I have been down this week, so I’m trying to do positive things, in the present, worrying less about the future or the past.
Sunday was great for that. I joined a sprint-writing session at A Seat At The Table Books with children’s author Lisa Riddiough and a group of laptop warriors aiming to write a book in the month of November. It was inspiring to see them all writing in the community of this bustling Elk Grove bookstore.
I thought I’d share the topic I introduced as a way to inspire new writing—my Daisy Method.
I use this strategy in a couple of ways. First, at the very beginning of figuring out a novel, I put a question/problem in the center of the flower, a question I think will be important in the book. Like, for instance, when is it right to tell the truth and when is it right to withhold? (A question that comes up often in my newspaper-centered novels.) The petals around the question each represent a potential character, who would answer that question uniquely.

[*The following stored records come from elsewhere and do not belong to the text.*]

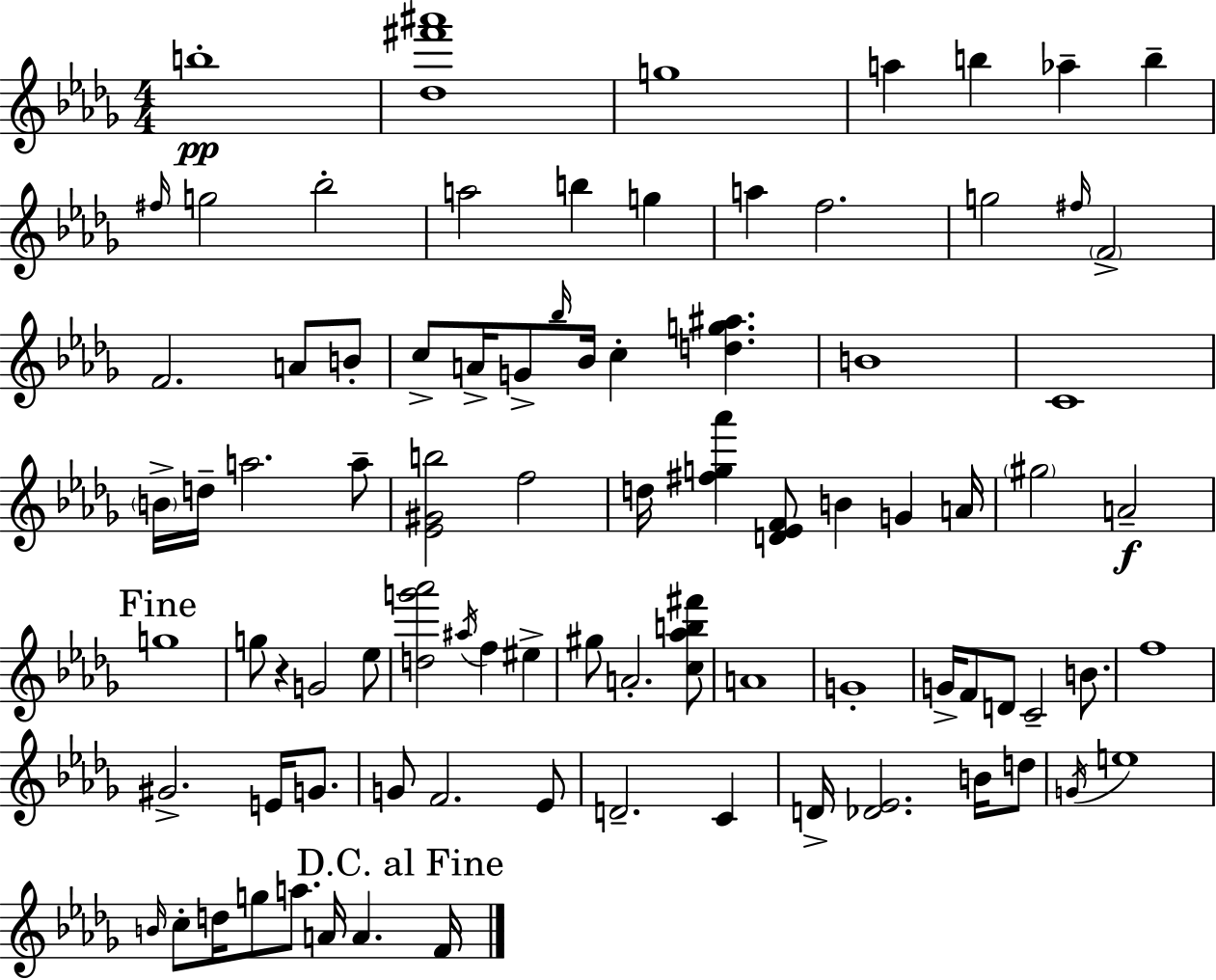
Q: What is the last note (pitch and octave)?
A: F4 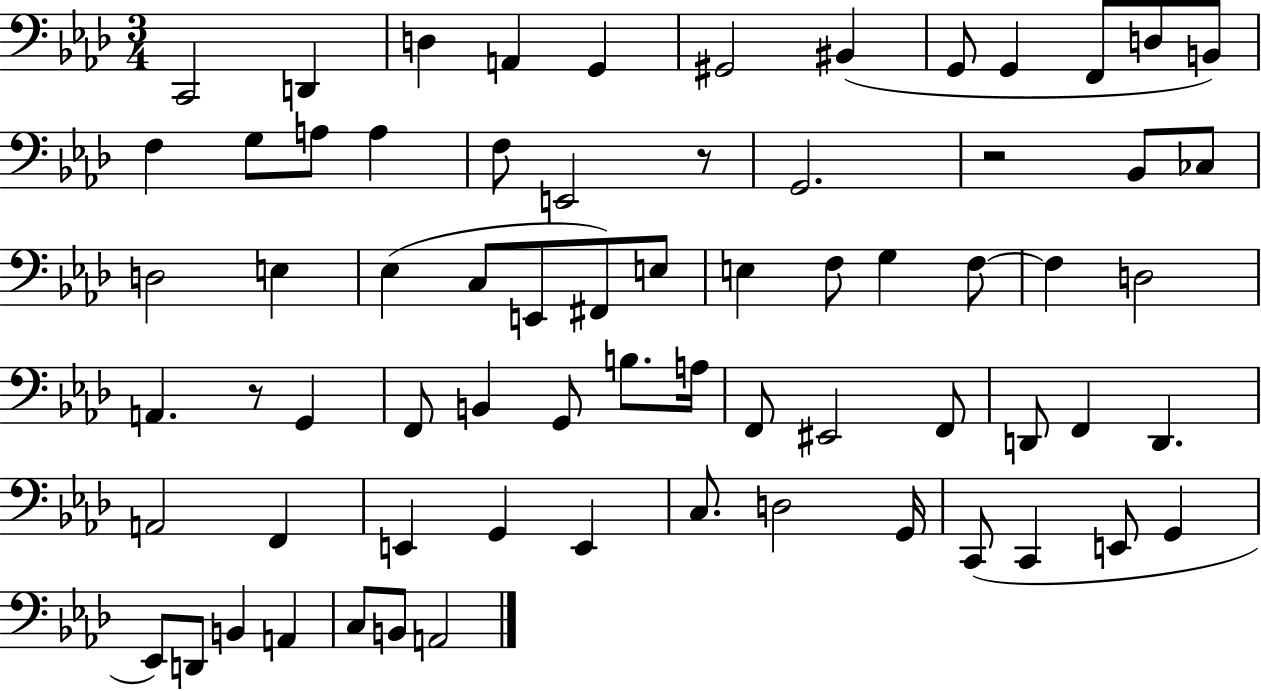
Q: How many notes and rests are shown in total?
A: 69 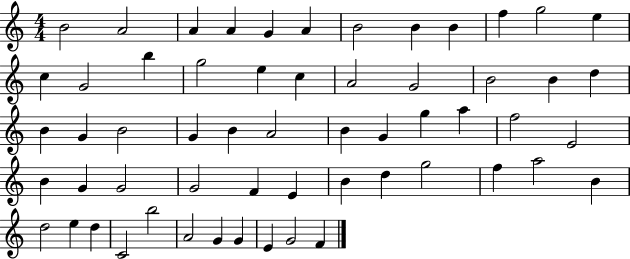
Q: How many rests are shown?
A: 0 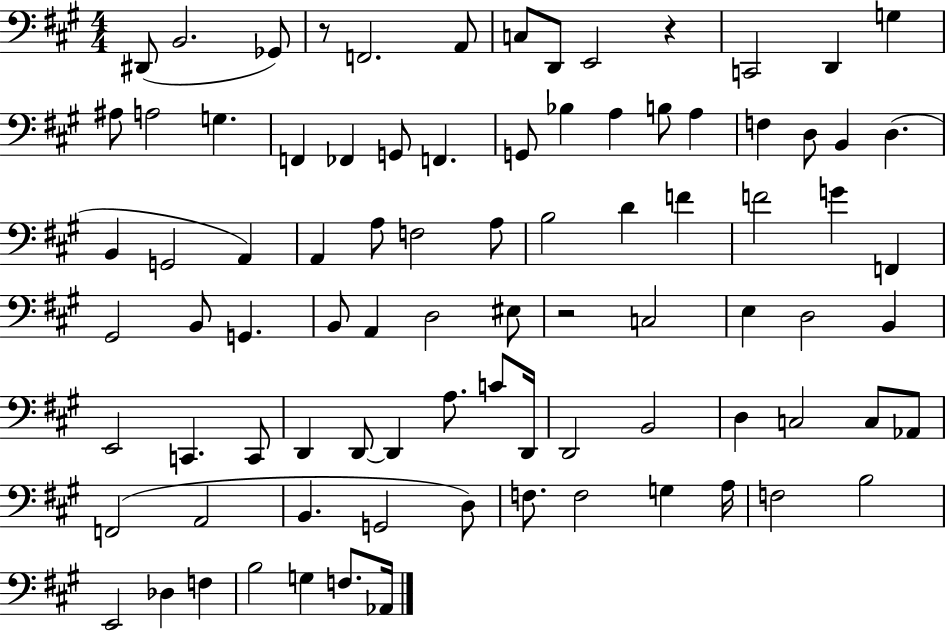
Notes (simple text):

D#2/e B2/h. Gb2/e R/e F2/h. A2/e C3/e D2/e E2/h R/q C2/h D2/q G3/q A#3/e A3/h G3/q. F2/q FES2/q G2/e F2/q. G2/e Bb3/q A3/q B3/e A3/q F3/q D3/e B2/q D3/q. B2/q G2/h A2/q A2/q A3/e F3/h A3/e B3/h D4/q F4/q F4/h G4/q F2/q G#2/h B2/e G2/q. B2/e A2/q D3/h EIS3/e R/h C3/h E3/q D3/h B2/q E2/h C2/q. C2/e D2/q D2/e D2/q A3/e. C4/e D2/s D2/h B2/h D3/q C3/h C3/e Ab2/e F2/h A2/h B2/q. G2/h D3/e F3/e. F3/h G3/q A3/s F3/h B3/h E2/h Db3/q F3/q B3/h G3/q F3/e. Ab2/s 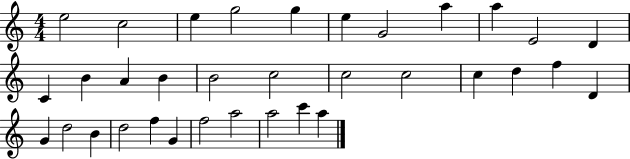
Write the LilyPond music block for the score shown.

{
  \clef treble
  \numericTimeSignature
  \time 4/4
  \key c \major
  e''2 c''2 | e''4 g''2 g''4 | e''4 g'2 a''4 | a''4 e'2 d'4 | \break c'4 b'4 a'4 b'4 | b'2 c''2 | c''2 c''2 | c''4 d''4 f''4 d'4 | \break g'4 d''2 b'4 | d''2 f''4 g'4 | f''2 a''2 | a''2 c'''4 a''4 | \break \bar "|."
} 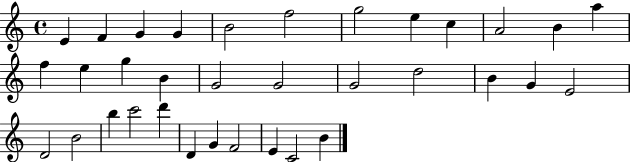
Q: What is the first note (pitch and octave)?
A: E4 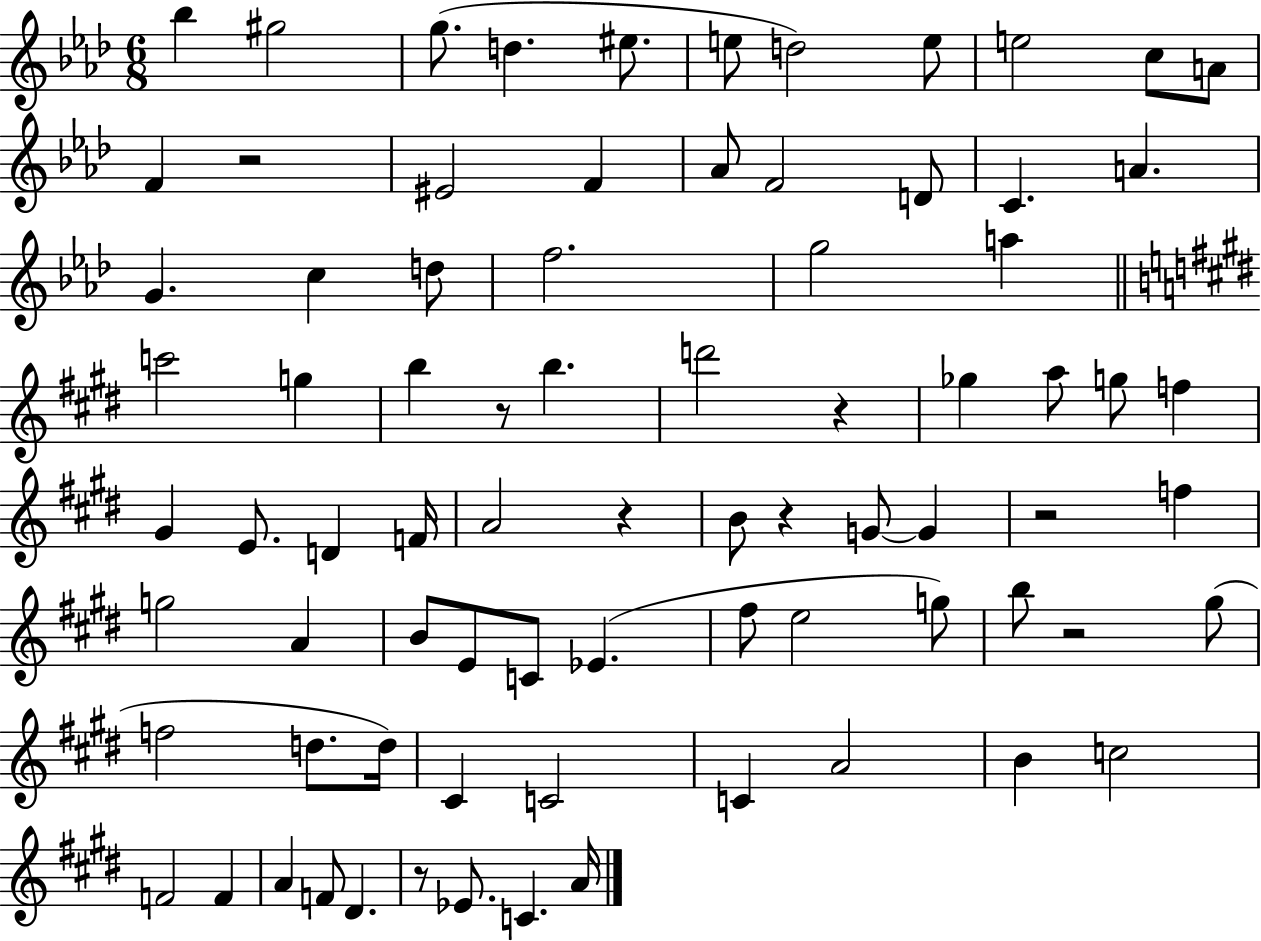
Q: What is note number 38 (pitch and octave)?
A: F4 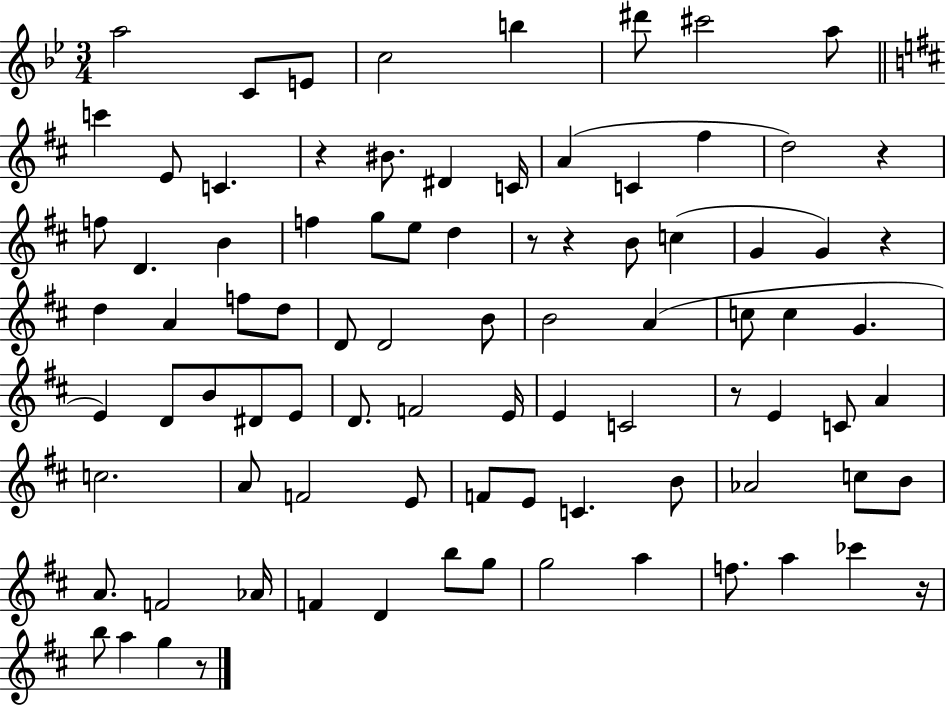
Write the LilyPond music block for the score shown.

{
  \clef treble
  \numericTimeSignature
  \time 3/4
  \key bes \major
  a''2 c'8 e'8 | c''2 b''4 | dis'''8 cis'''2 a''8 | \bar "||" \break \key b \minor c'''4 e'8 c'4. | r4 bis'8. dis'4 c'16 | a'4( c'4 fis''4 | d''2) r4 | \break f''8 d'4. b'4 | f''4 g''8 e''8 d''4 | r8 r4 b'8 c''4( | g'4 g'4) r4 | \break d''4 a'4 f''8 d''8 | d'8 d'2 b'8 | b'2 a'4( | c''8 c''4 g'4. | \break e'4) d'8 b'8 dis'8 e'8 | d'8. f'2 e'16 | e'4 c'2 | r8 e'4 c'8 a'4 | \break c''2. | a'8 f'2 e'8 | f'8 e'8 c'4. b'8 | aes'2 c''8 b'8 | \break a'8. f'2 aes'16 | f'4 d'4 b''8 g''8 | g''2 a''4 | f''8. a''4 ces'''4 r16 | \break b''8 a''4 g''4 r8 | \bar "|."
} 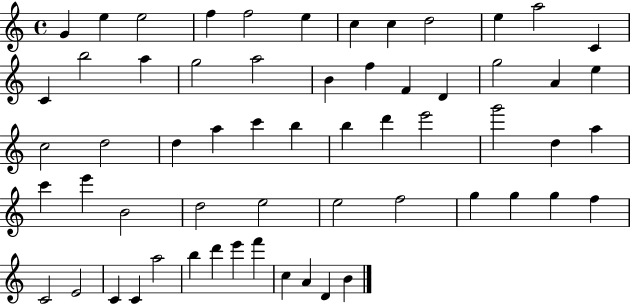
{
  \clef treble
  \time 4/4
  \defaultTimeSignature
  \key c \major
  g'4 e''4 e''2 | f''4 f''2 e''4 | c''4 c''4 d''2 | e''4 a''2 c'4 | \break c'4 b''2 a''4 | g''2 a''2 | b'4 f''4 f'4 d'4 | g''2 a'4 e''4 | \break c''2 d''2 | d''4 a''4 c'''4 b''4 | b''4 d'''4 e'''2 | g'''2 d''4 a''4 | \break c'''4 e'''4 b'2 | d''2 e''2 | e''2 f''2 | g''4 g''4 g''4 f''4 | \break c'2 e'2 | c'4 c'4 a''2 | b''4 d'''4 e'''4 f'''4 | c''4 a'4 d'4 b'4 | \break \bar "|."
} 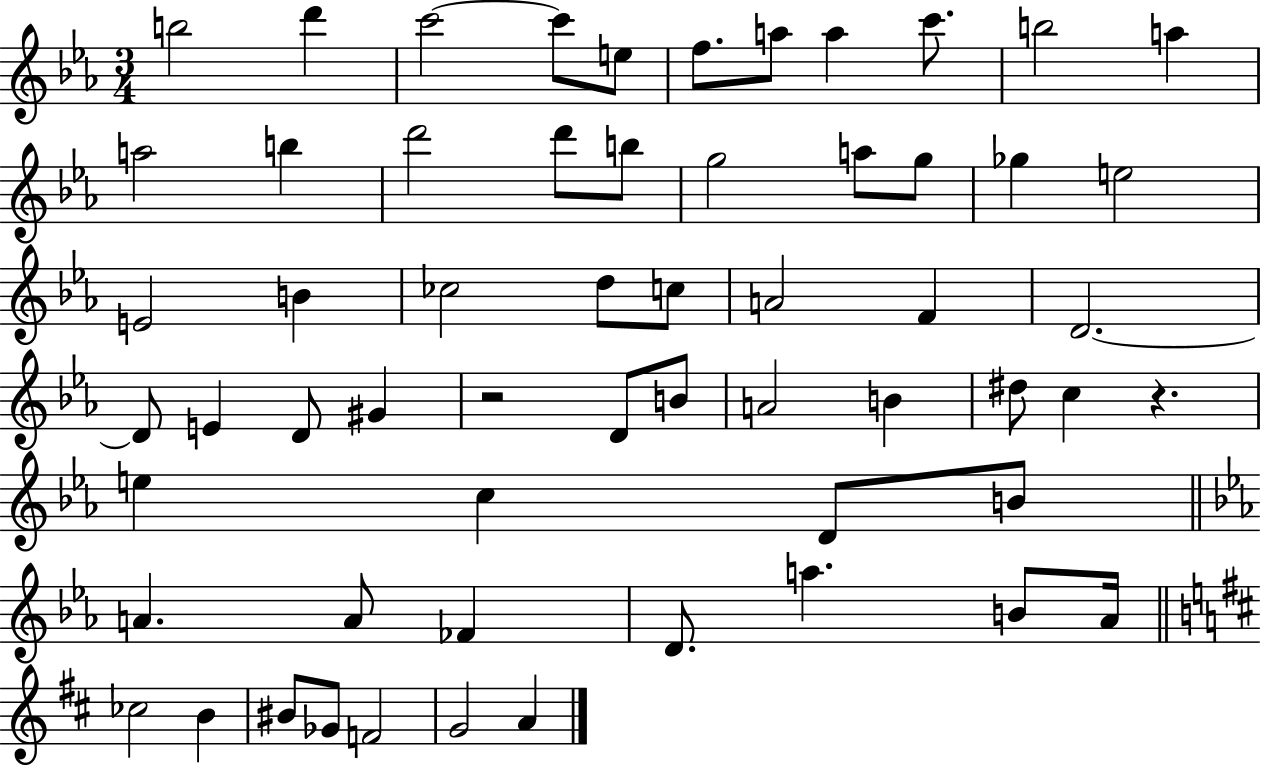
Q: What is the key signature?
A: EES major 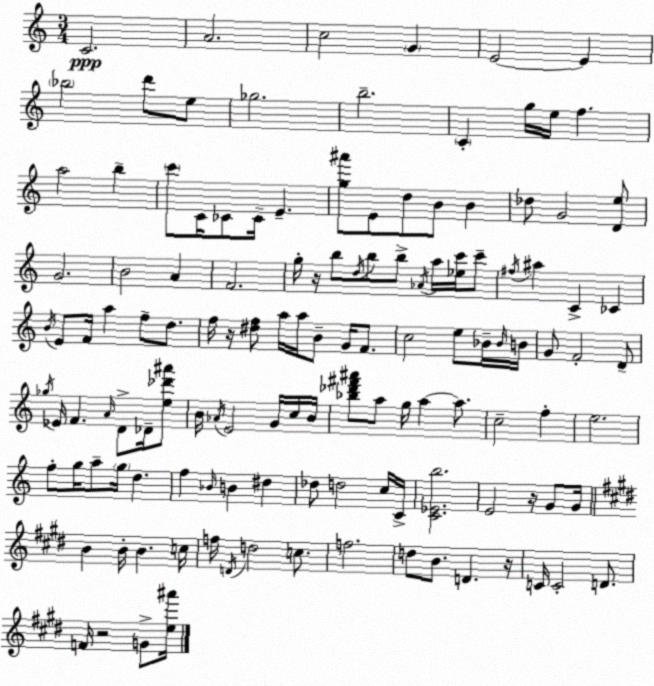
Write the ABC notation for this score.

X:1
T:Untitled
M:3/4
L:1/4
K:Am
C2 A2 c2 G E2 E _b2 d'/2 e/2 _g2 b2 C g/4 e/4 f a2 b c'/2 C/4 _C/2 _C/4 E [g^a']/2 E/2 d/2 B/2 B _d/2 G2 [De]/2 G2 B2 A F2 g/4 z/4 b/2 d/4 b/2 b/2 _A/4 a/4 [_ec']/4 c'/2 ^f/4 ^a C _C B/4 E/2 F/4 a f/2 d/2 f/4 z/4 [^df]/2 a/4 a/4 B/2 G/4 F/2 c2 e/2 _B/4 _B/4 B/4 G/2 F2 D/2 _g/4 _E/4 F A/4 D/2 _D/4 [e_d'^a']/2 B/4 _A/4 E2 G/4 c/4 B/4 [_b_d'^f'^a']/2 a/2 g/4 a a/2 c2 f e2 f/2 g/4 a/2 g/4 d f _B/4 B ^d _d/2 d2 c/4 C/4 [C_Eb]2 E2 z/4 G/2 G/4 B B/4 B c/4 f/4 D/4 d2 c/2 f2 d/2 B/2 D z/4 C/4 C2 D/2 F/4 z2 G/2 [e^a']/4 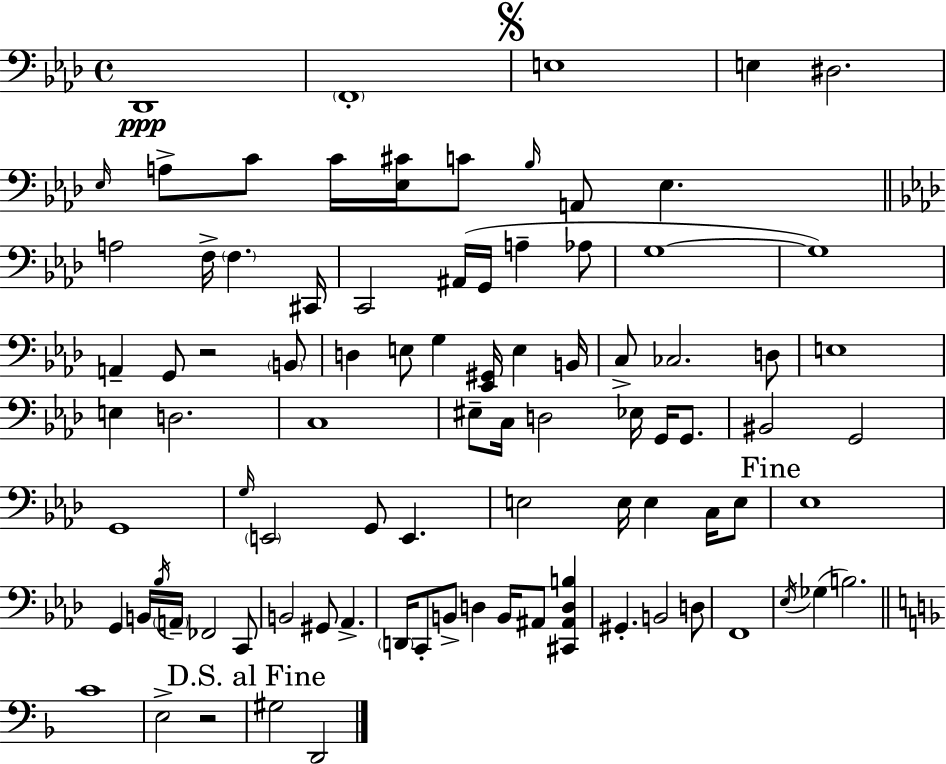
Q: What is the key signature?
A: AES major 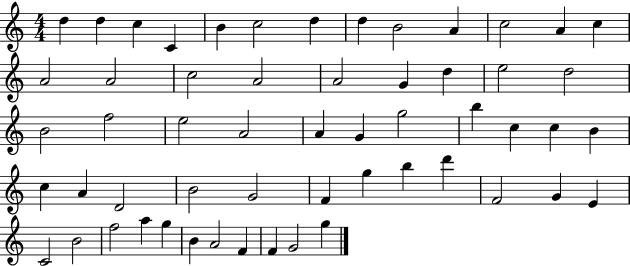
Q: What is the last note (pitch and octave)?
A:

(I often use the Eneagram to find basic personalities who might find themselves around a table having this discussion. Though the Eneagram actually has nine types, I couldn’t easily make a daisy with nine petals. So the image above isn’t entirely complete.)
Why do I do this at the beginning stages of writing? Because I prefer to read stories where the characters differ enough to make scenes complicated. I don’t want my characters all to see the world the same way. In fact, I love to read books in which I learn to see a problem or question in a variety of ways. The Daisy Method helps me build that in from the very beginning.
I also like to use it (with fewer petals) when I am writing a scene, in order to make sure the dialog and action are full of back and forth. That doesn’t happen as easily when characters are too similar.
Imagine a scene in which a few friends who’ve met up at a restaurant have not yet been served or even greeted by the waiter, who is focusing on other customers (the problem at the center of the daisy). If each of the friends has a different personality, they will react differently to this problem. Maybe one thinks they ought to storm out of the restaurant. Maybe another wants to speak to the manager. Maybe a third wants to melt into the floor because of her friends’ behavior. Maybe a fourth gets up to find a water station and set up their glasses. If all this is going on, revealing the push and pull of their personalities, while they also try to deal with the actual content they came together to discuss, a reader will get a lot more out of the scene. Both the plot and the people.
What do you think? As a writer, do you have a go-to way to build in variety? As a reader do you get bored at the repetition of similar characters or do you find it reinforcing?